/CPC

Pytorch implementation of the paper, "Representation Learning with Contrastive Predictive Coding", or CPC, https://arxiv.org/pdf/1807.03748.pdf

Primary LanguagePython

PyFlow_CPC:

Author: Talip Ucar (ucabtuc@gmail.com)

Pytorch implementation of "Representation Learning with Contrastive Predictive Coding" (https://arxiv.org/pdf/1807.03748.pdf).

CPC

Source: https://arxiv.org/pdf/1807.03748.pdf

Model

Model consists of two networks; 
      -CNN-based Encoder that generates representation zt from a given sequence (such as audio)
      -GRU-based Autoregressive model that generates context ct from z≤t

Thus, the overall, forward pass can be described in 3 steps: i) generating representations, ii) context, iii) predictions.
      i) z0:t+s = Encoder(x0:t+s)  
     ii) ct = GRU(z≤t)    
    iii) qt+i = Wict for each time step forward, i=[1,s]

Training Objective: 
To maximize correlation between corresponding qt+i and zt+i for each i=[1,s] by maximizing diagonal of  
log(Softmax(zTq)), where q=[qt+1 qt+2..qt+s]T and z =[zt+1 zt+2..zt+s].

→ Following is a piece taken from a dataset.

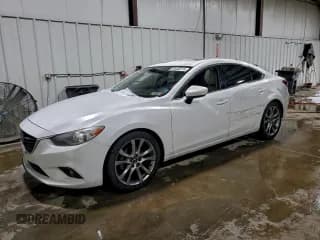 ✅ 2014 Mazda 6 i Grand Touring • VIN: JM1GJ1W54E1102570 • Lot: 94448515. Wystawiony na Copart z przebiegiem 180 607 mil. Bezpłatny archiwum sprzedaży aukcyjnych z USA i szczegółowy raport historii pojazdu na DreamBid. Zdjęcie 1.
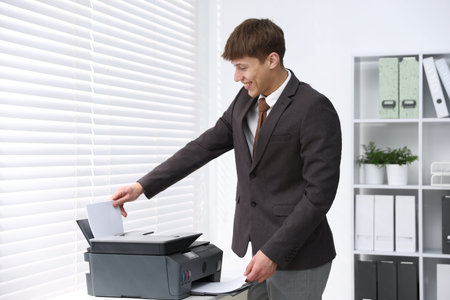 Smiling man working with printer at white desk near window in office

A custom CNN-based encoder model is provided, and its architecture is defined in yaml file of the model ("./config/cpc.yaml").

Example:

conv_dims:                        
  - [  1, 512, 10, 5, 3, 1]       # i=input channel, o=output channel, k = kernel, s = stride, p = padding, d = dilation
  - [512, 512,  8, 4, 2, 1]       # [i, o, k, s, p, d]
  - [512, 512,  4, 2, 1, 1]       # [i, o, k, s, p, d]
  - [512, 512,  4, 2, 1, 1]       # [i, o, k, s, p, d]
  - [512, 512,  4, 2, 1, 1]       # [i, o, k, s, p, d]
  - 512

conv_dims defines first 5 convolutional layer as well as feature dimension of its output. You can change this architecture by modifying it in yaml file. These dimensions are chosen so that we have down-sampling factor of 160 to get a feature vector for every 10ms of speech, also the rate of the phoneme sequence labels obtained for LibrisSpeech dataset.

Datasets

Following datasets are supported:

  1. LibrisSpeech (train-clean-100)
  2. TODO: include a test set for LibrisSpeech

Environment - Installation

It requires Python 3.8. You can set up the environment by following three steps:

  1. Install pipenv using pip
  2. Activate virtual environment
  3. Install required packages

Run following commands in order to set up the environment:

pip install pipenv               # If it is not installed yet
pipenv shell                     # Activate virtual environment
pipenv install --skip-lock       # Install required packages. --skip-lock is optional, 
                                 # and used to skip generating Pipfile.lock file

Training

You can train the model once you download LibrisSpeech dataset (train-clean-100) and place it under "./data" folder. The more datasets will be supported in the future.

Evaluation

Evaluation of the model performance

  1. The model is evaluated using LibriSpeech phone and speaker classification
  2. The results are reported on both training and test sets.

Baseline Evaluation

  1. Doing same evaluation as above using randomly initialized model (untrained)
  2. Full supervised training on the same task, using same model architecture.

Results

Results at the end of training is saved under "./results" directory. Results directory structure:

results
    |-evaluation 
    |-training 
         |-model
         |-plots
         |-loss

You can save results of evaluations under "evaluation" folder. At the moment, the results of evaluation is also printed out on the display, and not saved.

Running scripts

Training

To train the model using LibrisSpeech dataset, you can use following command:

python 0_train.py 

Evaluation

Once you have a trained model, you can evaluate the model using:

python 1_eval.py 

For further details on what arguments you can use (or to add your own arguments), you can check out "/utils/arguments.py"

Experiment tracking

MLFlow is used to track experiments. It is turned off by default, but can be turned on by changing option in runtime config file in "./config/runtime.yaml"